2012年6月に開催された第14回総会後の理事会において、退任された田中学前会長のあとを引き継ぐかたちで、会長を仰せつかりました。会員の皆さんとともに、また、日頃からご支援をいただいている個人や企業や団体の皆さんとともに、JUON NETWORKの活動の充実をはかり、また着実な広がりを実現するために、微力を尽くしてまいる所存です。よろしくお願い申し上げます。

JUONが大学生協の音頭で産声を上げたのは1998年の4月。設立の背景のひとつは、大学生協が廃校の校舎を学生のセミナーハウスとして活用したことでした。そしてもうひとつの契機が、1995年1月17日に発災した阪神・淡路大震災被災地の支援活動。こんな生い立ちを持つJUONですから、2011年の東日本大震災の被災地支援についても、原点を噛みしめる活動として取り組んでまいりました。また、東日本大震災の被災地の多くは農山漁村であり、支援活動は設立理念である「都市と農山漁村の人々をネットワークで結ぶ」ことにもつながると考えております。

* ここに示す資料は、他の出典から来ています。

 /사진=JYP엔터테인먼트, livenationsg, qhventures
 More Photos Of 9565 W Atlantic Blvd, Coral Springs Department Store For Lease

設立当初からの活動である「樹恩割り箸」も、全国5つの工場で生産されるまでに広がりました。また、森づくりの体験イベントとして、「森林の楽校」が2021年には18カ所で開催されます。さらに援農体験イベントの場である「田畑の楽校」も、山梨県の「ぶどうの丘」に続いて、長野で「北信りんごの里」、三重で「南伊勢のみかん」、和歌山で「熊野の棚田」がスタートするなど、新しい試みとして定着しつつあります。これらの活動にお力添えをいただいている関係者の皆さんに、心からお礼を申し上げる次第です。

課題もあります。割り箸の利用拡大や次世代のリーダーの養成などです。このほかにも理事会や常任理事会の場では、会員や関心を寄せいただいている皆さんを念頭に、農山漁村の良い産物をつなぐ仕組みといったアイデアについても、議論を重ねております。今後とも、身の丈にあったかたちで、課題の克服や新しい挑戦にも知恵を絞ってまいりますので、忌憚のないご意見をお寄せいただければ幸いです。

JUON NETWORKには日本のNPO法人制度とともに歩んできた面があります。1999年には前年12月に施行された特定非営利活動促進法(NPO法)に基づいて、NPO法人格を取得いたしました。そして2011年には、同年のNPO法改正で新たに設けられた認定NPO法人となりました。活動内容の公益性と活動資源に占める寄付金のウェイトなどの要件を満たしていると認定されたものです。

最後になりましたが、会員の皆さんには積極的なご参加と仲間の着実な拡大をお願いし、日頃からご助力を賜っている個人や企業や団体の皆さんには、今後とも変わらぬご支援のほどをお願い申し上げ、ご挨拶に代えさせていただきます。